George had a younger brother named Richard who also came out to Australia, but a good many years after George, being ten years younger than him. He arrived in the early 90s and promptly fell in love with Suzie’s young cousin, Alice Hickson, who was two years younger than him, the daughter of John and Martha Hickson. They wanted to marry, but Alice’s father did not approve and did everything he could to dissuade them, including taking Alice away on a world trip, including a visit to their Irish roots back in the old country.
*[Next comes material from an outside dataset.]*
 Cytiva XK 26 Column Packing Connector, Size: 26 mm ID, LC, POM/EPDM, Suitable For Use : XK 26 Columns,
When they returned Alice married another Sydney man, someone more acceptable to her father, a certain William Ross, whose parents were Scottish-English migrants. William and Alice married in 1895 when Alice was 23, the same age as Suzie when she married George Byrne ten years earlier. William was almost 12 years older than Alice but their marriage was a happy one. They had five daughters, one of whom, Winifred, was my other grandmother. Her son, Ian, married Gertrude Byrne’s daughter, Gwen. So by a strange coincidence the Hickson’s were once again united, when my father married my mother. Their respective grandmothers were cousins.

The Irish side of my family therefore features these two families – the Byrnes and the Hicksons – most prominently. But they are not the only Irish ancestors. Alice Hickson’s mother, Martha, John Hickson’s wife, also had Irish roots. Her mother was a Mary Magenity, from County Down in Northern Ireland, transported as a convict at the age of 17, convicted of stealing from her employer, for whom she served as a housemaid. She arrived in Sydney in 1832, and 7 years later, in 1839, she married an English convict, a certain William Watts, from Wiltshire. They had a whole tribe of kids, one of whom was Martha, who married John Hickson.
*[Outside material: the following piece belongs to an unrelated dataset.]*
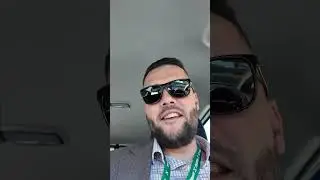 #283 - Механика или автомат? Бензин или дизель? Электричка&hellip; #австралия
Whatever became of Richard Byrne, George’s younger brother, who had fallen for Alice Hickson, only to be rejected? It turns out that not long after Alice had married, Richard married a girl from Kiama named Victoria Gray. Victoria was also the daughter of Irish immigrants, her father from Ulster and her mother from Tyrone, in Northern Ireland. They had seven children, and Victoria died when she was 66, in 1941.

It would seem the flame of romance between Richard and Alice had never been completely extinguished. Alice’s husband William had died in 1939, a few years before Richard’s wife in 1941. In 1943 Richard and Alice finally married, the young sweethearts finally united in old age. Alice’s father John Hickson was still alive when they married and he still disapproved. He died a few years later but it is said that he never forgave his daughter for going against his wishes. It makes one wonder what Richard could possibly have done to arouse such opposition from Alice’s father. The descriptions I have of Richard are of a cheerful man who was successful in his chosen career and caring to those around him. He was also a strong Christian and in fact worked for the Bible Society for many years. 

But perhaps John Hickson’s disapproval dated from long before he even met Richard, who tried to woo his daughter. Perhaps it was something that began in the old country, before he left (1866), before Richard was born (1870). John, who was born in Killorglin, knew Richard’s parents George Byrne and Sarah Ruddle. Perhaps a disagreement with George when they had been growing up together was the reason he did not allow his daughter the happiness she longed for withe George’s son so many years later.

My research into our Irish roots will focus chiefly on these two families, the Hicksons and the Byrnes. But I will also touch on Mary Magenity, the convict from northern Ireland, whose daughter Martha married into the Hickson family (John Hickson). She is the only direct ancestral link we have with the convict settlement of Sydney and further afield in the first half of the eighteenth century.